• INFORMATION SUPPLIED

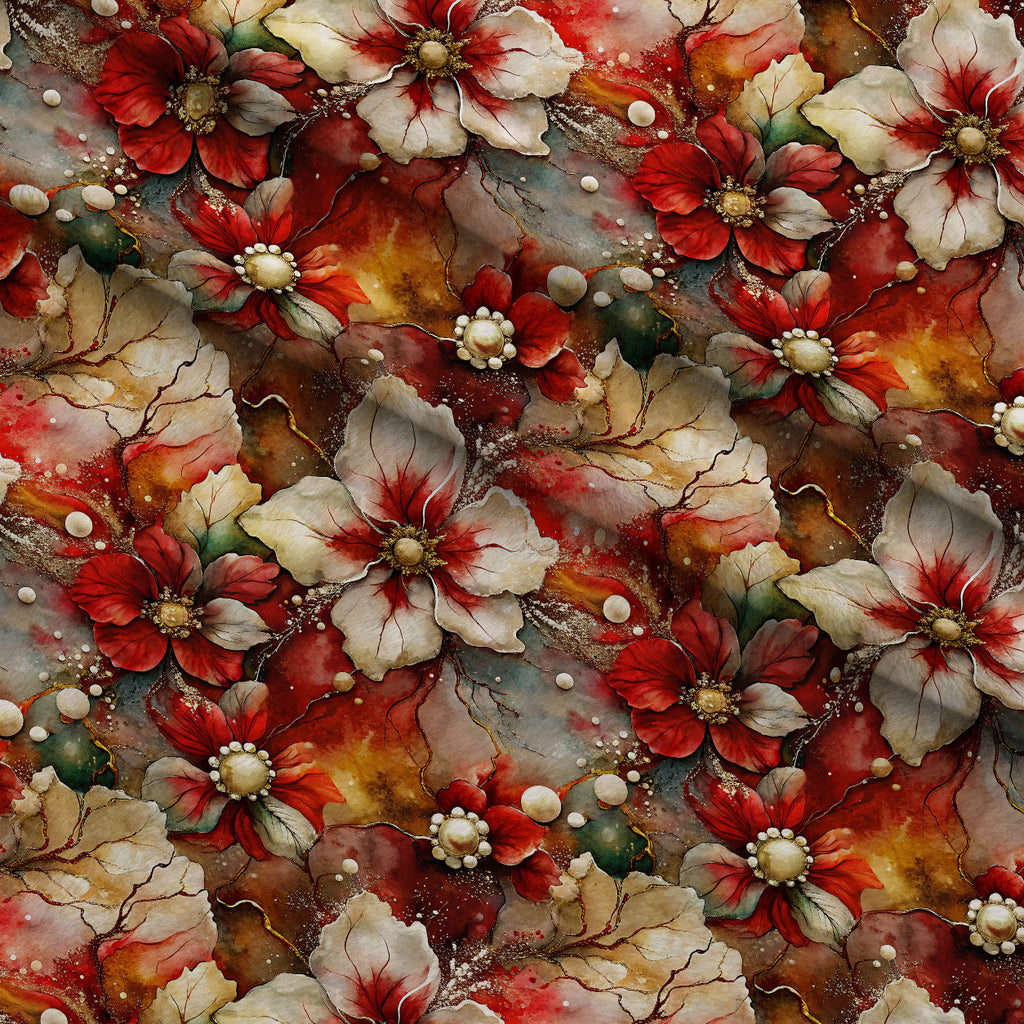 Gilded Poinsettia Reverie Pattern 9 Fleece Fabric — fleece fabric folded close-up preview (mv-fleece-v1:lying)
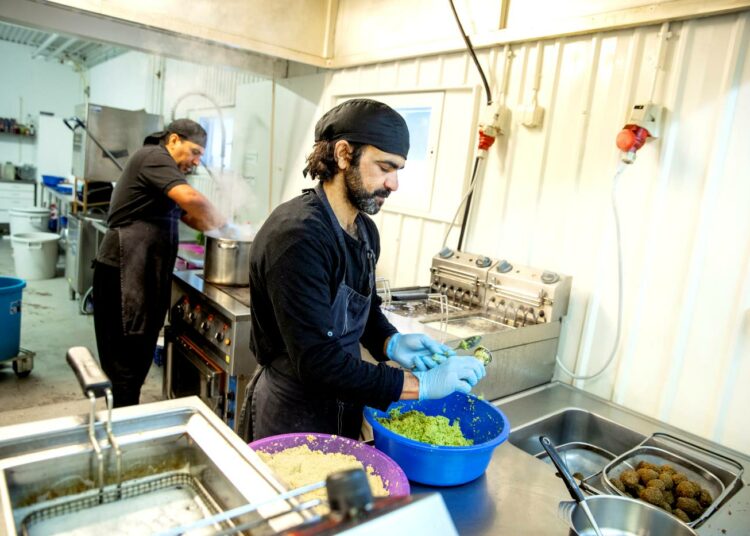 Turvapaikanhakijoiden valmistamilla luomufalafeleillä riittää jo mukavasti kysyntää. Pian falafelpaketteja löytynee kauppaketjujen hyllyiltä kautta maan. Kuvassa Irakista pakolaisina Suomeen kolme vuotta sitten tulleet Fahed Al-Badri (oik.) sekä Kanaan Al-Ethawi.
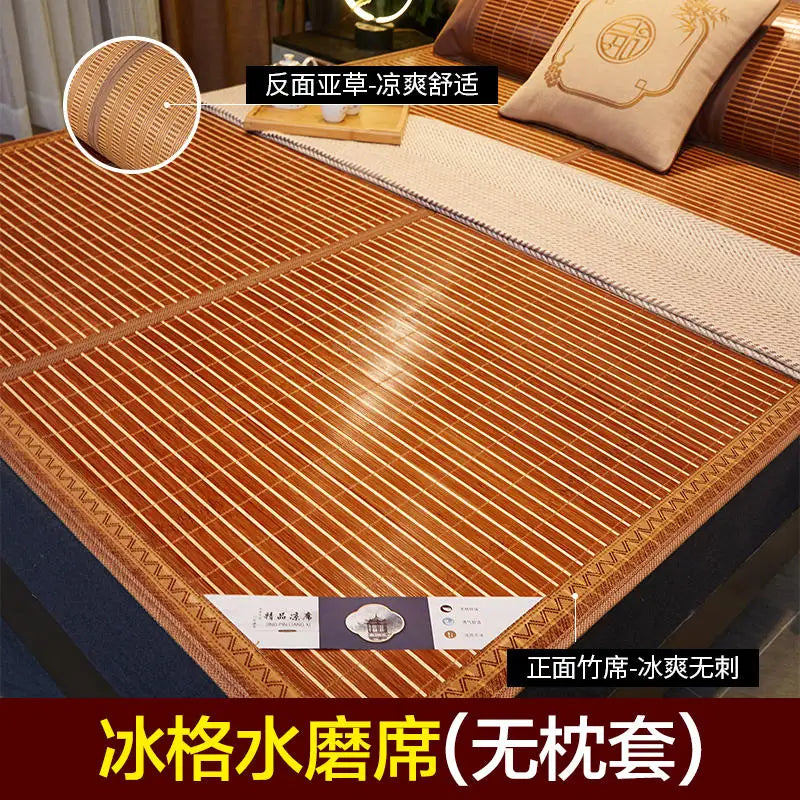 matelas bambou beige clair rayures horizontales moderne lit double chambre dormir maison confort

• ACTIVITY
Without reproducing any picture, repeat exactly the lines from the one containing "Turvapaikanhakijoiden valmistamilla luomufalafeleillä" through the last line of the material above, both ends included.

• EXPECTED ANSWER
 Turvapaikanhakijoiden valmistamilla luomufalafeleillä riittää jo mukavasti kysyntää. Pian falafelpaketteja löytynee kauppaketjujen hyllyiltä kautta maan. Kuvassa Irakista pakolaisina Suomeen kolme vuotta sitten tulleet Fahed Al-Badri (oik.) sekä Kanaan Al-Ethawi.
 matelas bambou beige clair rayures horizontales moderne lit double chambre dormir maison confort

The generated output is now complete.